Iodinated contrast media are used for the imaging of tissues, with two major classes of compounds currently in use. The ionic compounds, diatrizoate derivatives, are (1) ionized at physiologic pH, (2) not significantly bound to protein, (3) restricted to the extracellular space, (4) almost entirely eliminated by the kidney, and (5) freely filtered by the glomerulus and neither secreted nor reabsorbed. These agents have a very high osmolality (>1200 mOsm/L) and are potentially nephrotoxic, particularly in patients with existing renal impairment, diabetes, or heart failure or who are receiving other nephrotoxic drugs.

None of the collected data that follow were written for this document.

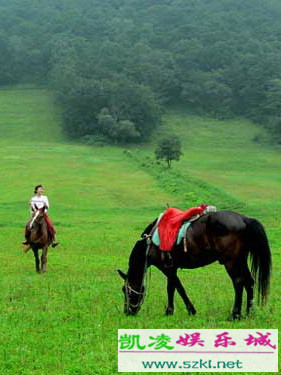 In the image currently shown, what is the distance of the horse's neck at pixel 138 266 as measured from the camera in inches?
393

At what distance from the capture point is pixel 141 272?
1005 cm

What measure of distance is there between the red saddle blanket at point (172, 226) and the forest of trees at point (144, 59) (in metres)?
69.6

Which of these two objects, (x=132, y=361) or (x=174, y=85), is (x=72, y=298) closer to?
(x=132, y=361)

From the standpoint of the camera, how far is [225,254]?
364 inches

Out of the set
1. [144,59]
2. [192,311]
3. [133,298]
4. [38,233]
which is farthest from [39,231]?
[144,59]

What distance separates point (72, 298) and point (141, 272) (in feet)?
5.84

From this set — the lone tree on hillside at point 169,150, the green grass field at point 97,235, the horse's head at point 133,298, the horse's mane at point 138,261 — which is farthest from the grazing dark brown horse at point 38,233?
the lone tree on hillside at point 169,150

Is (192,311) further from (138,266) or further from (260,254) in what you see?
(260,254)

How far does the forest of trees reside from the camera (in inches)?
3460

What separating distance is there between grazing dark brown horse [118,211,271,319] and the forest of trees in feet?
229

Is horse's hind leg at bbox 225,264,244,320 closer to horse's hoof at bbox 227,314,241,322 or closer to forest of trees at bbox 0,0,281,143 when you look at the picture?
horse's hoof at bbox 227,314,241,322

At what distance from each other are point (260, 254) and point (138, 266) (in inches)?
93.2

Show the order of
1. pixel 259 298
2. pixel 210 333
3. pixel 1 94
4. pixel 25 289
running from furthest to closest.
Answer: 1. pixel 1 94
2. pixel 25 289
3. pixel 259 298
4. pixel 210 333

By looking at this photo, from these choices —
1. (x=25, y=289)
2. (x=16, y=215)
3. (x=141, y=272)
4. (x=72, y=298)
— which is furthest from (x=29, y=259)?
(x=16, y=215) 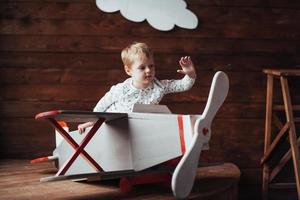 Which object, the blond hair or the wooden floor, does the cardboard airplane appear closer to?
the wooden floor

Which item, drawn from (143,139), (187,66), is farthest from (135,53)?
(143,139)

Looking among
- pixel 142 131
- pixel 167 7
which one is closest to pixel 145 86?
pixel 142 131

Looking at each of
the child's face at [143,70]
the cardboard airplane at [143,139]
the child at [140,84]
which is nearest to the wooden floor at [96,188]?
the cardboard airplane at [143,139]

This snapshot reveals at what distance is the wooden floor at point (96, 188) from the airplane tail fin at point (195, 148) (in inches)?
8.5

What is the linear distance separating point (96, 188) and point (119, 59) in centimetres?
82

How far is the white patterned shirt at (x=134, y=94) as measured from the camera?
1.49 metres

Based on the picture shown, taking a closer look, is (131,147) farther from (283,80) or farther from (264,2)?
(264,2)

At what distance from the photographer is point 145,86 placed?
1491 millimetres

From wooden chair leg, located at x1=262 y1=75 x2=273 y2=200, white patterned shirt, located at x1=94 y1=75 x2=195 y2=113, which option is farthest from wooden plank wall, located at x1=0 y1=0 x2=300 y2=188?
white patterned shirt, located at x1=94 y1=75 x2=195 y2=113

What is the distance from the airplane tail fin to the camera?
3.42ft

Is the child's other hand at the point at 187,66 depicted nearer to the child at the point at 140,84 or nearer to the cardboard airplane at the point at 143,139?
the child at the point at 140,84

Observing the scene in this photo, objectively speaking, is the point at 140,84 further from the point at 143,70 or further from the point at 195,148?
the point at 195,148

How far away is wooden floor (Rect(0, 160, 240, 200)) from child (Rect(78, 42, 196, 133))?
0.21 metres

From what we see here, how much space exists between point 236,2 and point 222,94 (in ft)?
3.54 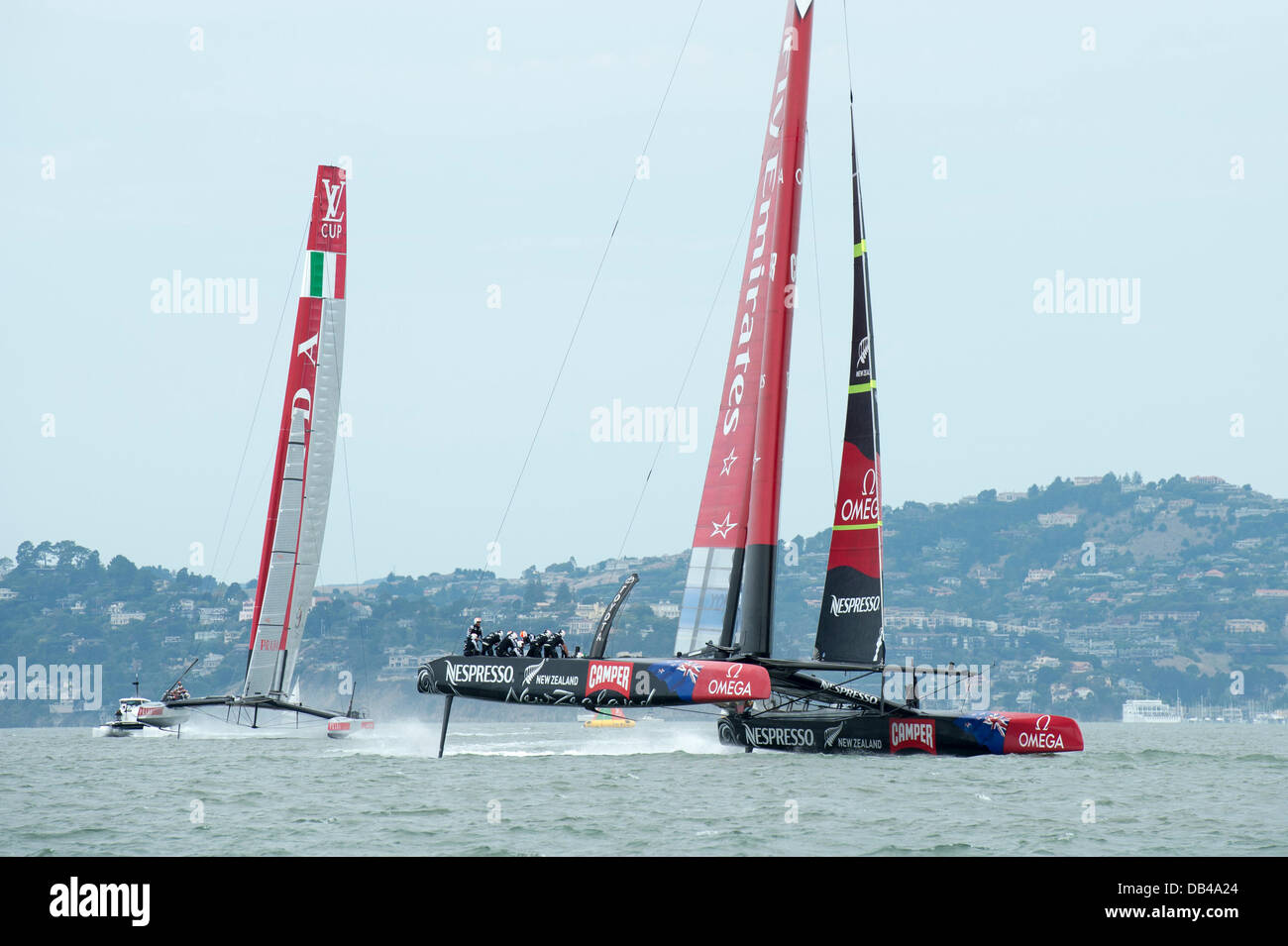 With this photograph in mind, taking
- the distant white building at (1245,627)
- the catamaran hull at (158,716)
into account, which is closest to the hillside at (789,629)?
the distant white building at (1245,627)

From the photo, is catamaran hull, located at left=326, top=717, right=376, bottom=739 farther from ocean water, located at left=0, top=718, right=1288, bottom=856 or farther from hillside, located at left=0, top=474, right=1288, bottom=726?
hillside, located at left=0, top=474, right=1288, bottom=726

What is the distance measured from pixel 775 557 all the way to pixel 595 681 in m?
3.27

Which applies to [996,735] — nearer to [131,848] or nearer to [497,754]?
[497,754]

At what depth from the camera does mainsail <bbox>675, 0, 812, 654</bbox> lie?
2005 centimetres

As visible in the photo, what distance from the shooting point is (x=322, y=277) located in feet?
111

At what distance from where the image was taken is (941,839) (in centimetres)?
1237

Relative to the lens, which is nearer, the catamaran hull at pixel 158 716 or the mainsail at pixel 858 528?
the mainsail at pixel 858 528

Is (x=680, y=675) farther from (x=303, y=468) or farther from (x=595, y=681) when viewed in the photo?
(x=303, y=468)

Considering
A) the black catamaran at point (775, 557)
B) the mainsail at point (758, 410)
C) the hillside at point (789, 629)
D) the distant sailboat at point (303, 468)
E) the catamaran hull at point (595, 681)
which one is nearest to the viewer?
the catamaran hull at point (595, 681)

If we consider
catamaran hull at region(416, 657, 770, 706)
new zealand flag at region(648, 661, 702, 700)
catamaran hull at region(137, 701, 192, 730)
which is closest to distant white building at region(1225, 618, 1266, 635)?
catamaran hull at region(137, 701, 192, 730)

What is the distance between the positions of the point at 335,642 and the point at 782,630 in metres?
48.8

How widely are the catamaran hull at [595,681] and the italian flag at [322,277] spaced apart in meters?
16.1

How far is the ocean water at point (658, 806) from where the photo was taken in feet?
39.5

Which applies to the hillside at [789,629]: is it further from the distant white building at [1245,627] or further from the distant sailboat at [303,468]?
the distant sailboat at [303,468] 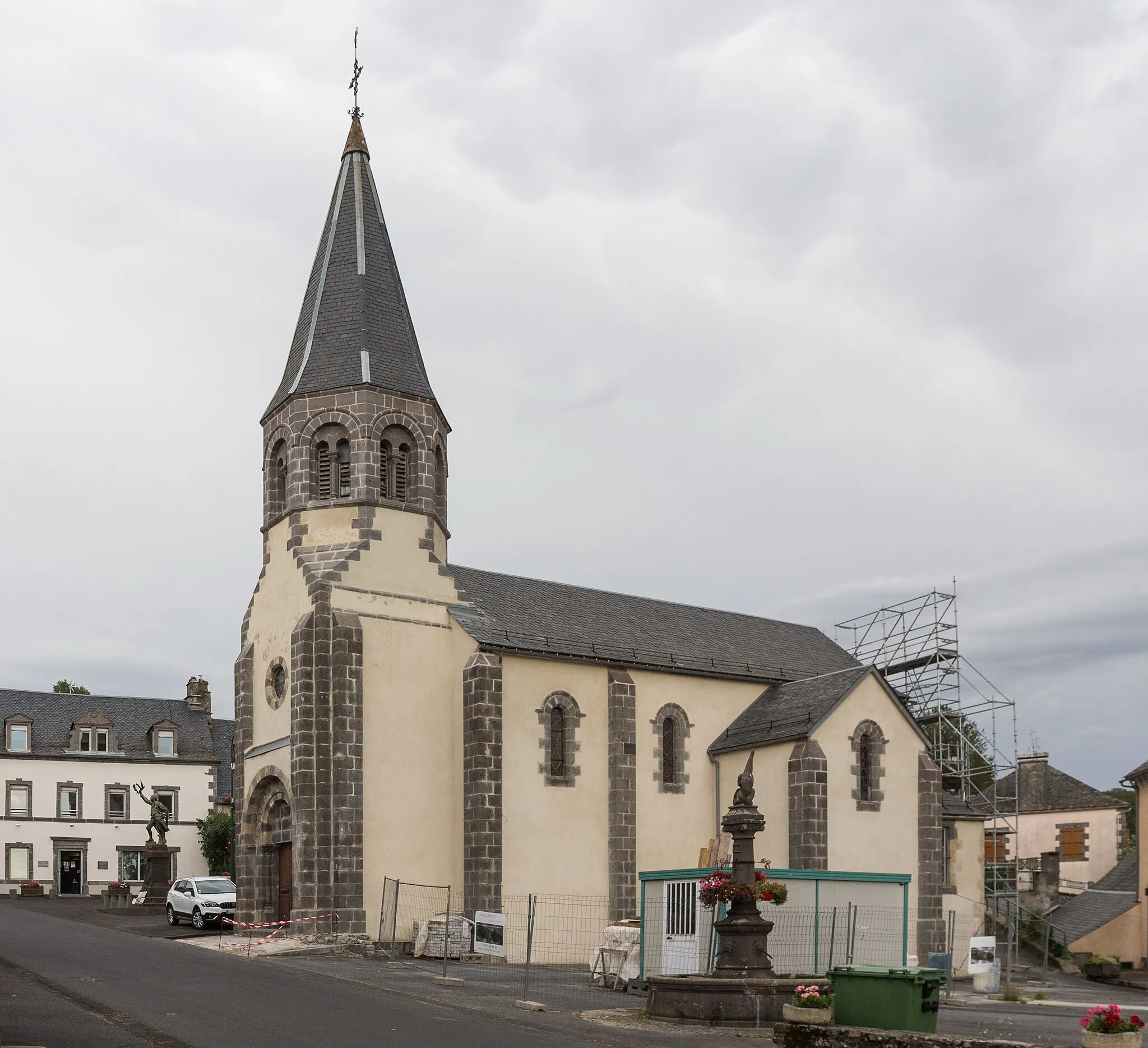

The newer contrast agents (eg, iotrol, iopamidol) are nonionic owing to the addition of an organic side chain, their low osmolality, and their lower nephrotoxicity. The nephrotoxicity of these agents is due to both hemodynamic alterations (vasoconstriction) and proximal tubular injury (Koyner et al., 2010). The vasoconstriction is prolonged and is probably produced by more than one mediator while ROS are thought to play a role in the proximal tubular injury.